Jackson trash ruling: Judge gives mayor pathway to keeping Richard’s contract
JACKSON, Miss. (WLBT) - Jackson Mayor Chokwe Antar Lumumba’s office is claiming victory Thursday following a ruling handed down by special appointed Judge Jess Dickinson.
Thursday, Dickinson ruled that the mayor, not the council, had the authority to negotiate and execute contracts and that only the mayor may negotiate a contract for solid waste disposal on behalf of the capital city.
The judge also ruled that for an emergency contract to be binding, the city council must sign off on it under provisions of Mississippi emergency management law.
“Whether a contract binding the city of Jackson for solid waste disposal is negotiated through the RFP process or pursuant to emergency authority under Miss. Code Section... the contract is not a binding contract that is enforceable against the city of Jackson unless and until it has been properly approved by the council.”
However, a footnote in the five-page ruling appears to give the mayor the ability to get past the council in seeing an emergency contract with Richard’s Disposal Inc. go forward.
“There does exist a possible exception not presented in this case thus far, where the council rejects an emergency contract presented by the mayor, the mayor exercises his veto of the rejection, and the council overrides the veto,” Dickinson wrote. “The mayor would then have the option of engaging the judicial system, claiming the council was arbitrary and capricious in overriding the veto.”
The only thing is, the council likely doesn’t have the votes to override any mayor’s veto related to the Richard’s contract.
The council has narrowly rejected Richard’s each time it has been brought up for a vote, first on a 2-4-1 vote and then again on a 3-3-1 vote. Five votes are needed to override a veto.
In March, the council voted down two motions to ratify emergency proposals with Richard’s, each on 4-1-1 votes.
However, in those cases, the motions were introduced by a council member, not the mayor.

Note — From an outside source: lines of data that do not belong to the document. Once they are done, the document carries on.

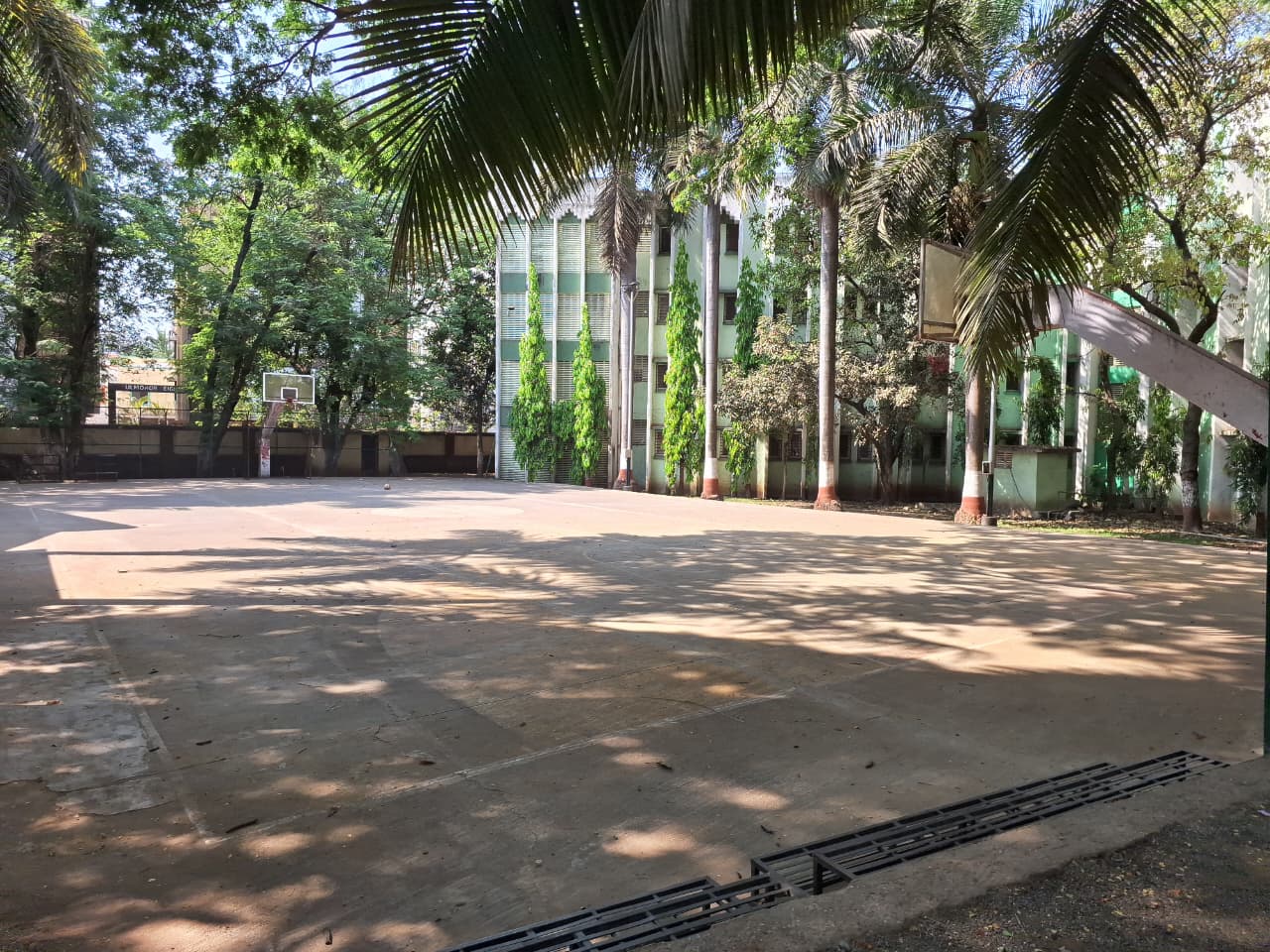 KK Wagh Nashik Playground media (6) by 1773551812_WhatsAppImage2026-03-15at10.30.08AM.jpeg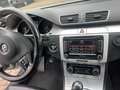 Volkswagen Passat CC Basis Gris - thumbnail 15
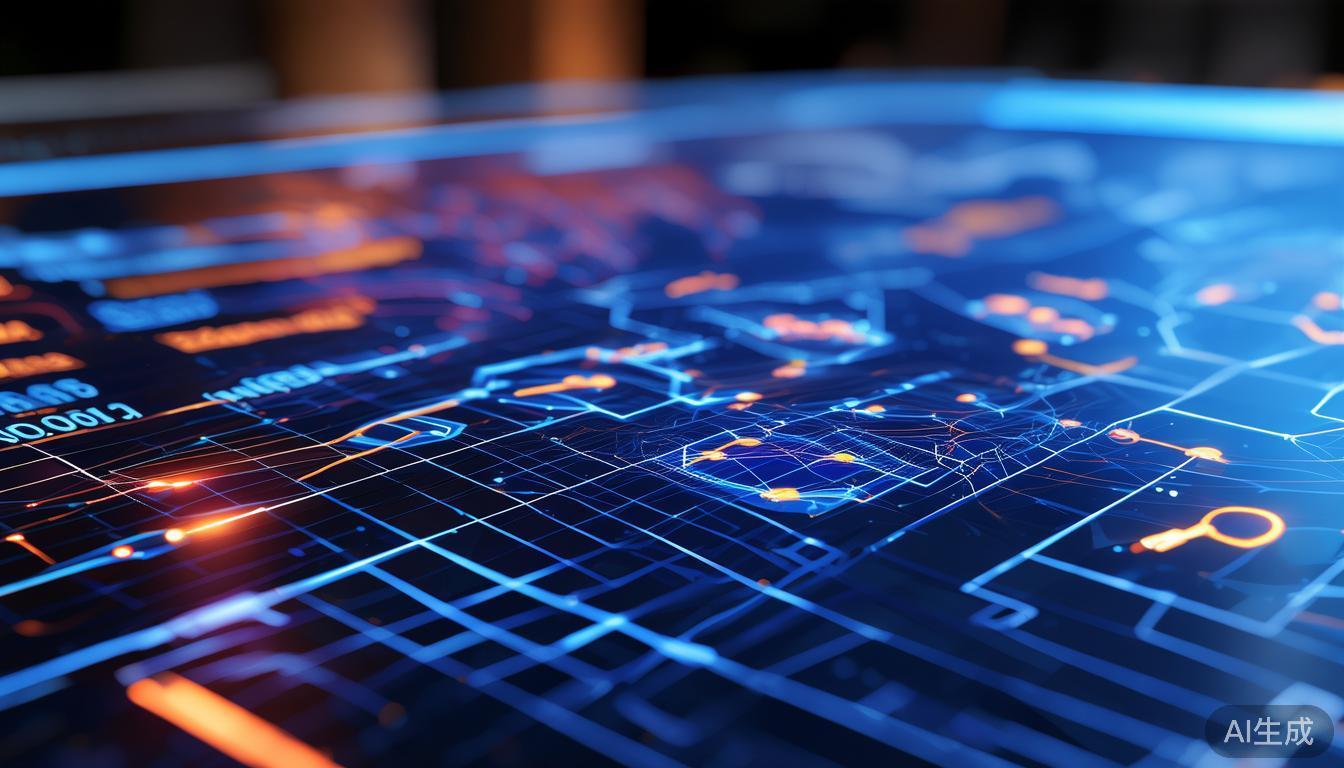 imToken安卓平台提高加密投资效率_imToken多链钱包管理功能优势_如何通过imToken钱包实现资金的灵活调配,帮助安卓用户在各类投资中获取最大收益?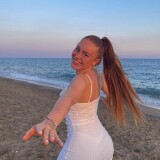 Photo from Slut german ginger  album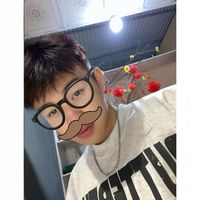 nhạc nền - Dz Thì Đổi Tên:)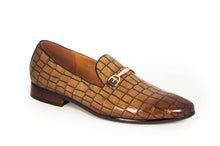 SHOE MOC CM-9207 L. BEIGE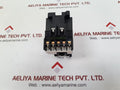 Fuji sc-05[13] magnetic contactor sc14aa
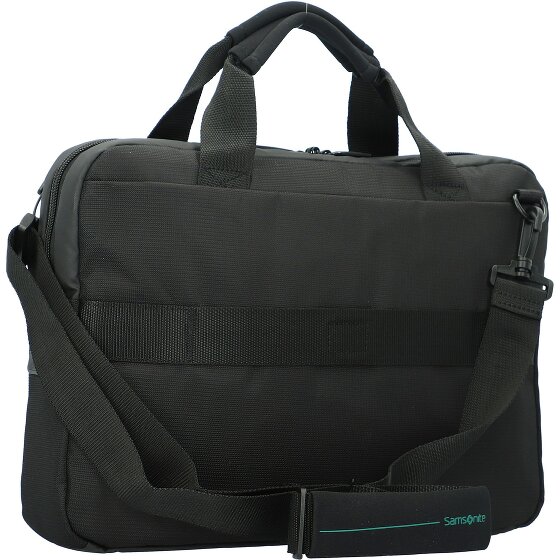 Samsonite Mysight Maletín 39 cm compartimento para portátil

In his ruling, Dickinson says only the mayor can introduce emergency contracts for consideration.
Translated, barring any emergency legal actions taken late Thursday or very early Friday, officials in the mayor’s office say Richard’s will begin hauling waste for the city Friday morning and will be in place for at least the next year.
Ward 1 Councilman Ashby Foote, though, disagrees, saying the lawsuit clearly states that the Richard’s contract is not valid unless it’s signed off on by the legislative body.
“We don’t have a contract right now. It still has to be approved by the council and it has not,” he said. “I’m anxious to get a contract we can support.”
As for the footnote providing Lumumba with a path forward? “The main thing is the main thing, not some obscure footnote that would keep the mayor from having to get four votes,” he said. “The reason democracy works is because everybody gets a say. He wants to do every trick he can to keep the council from getting a say.”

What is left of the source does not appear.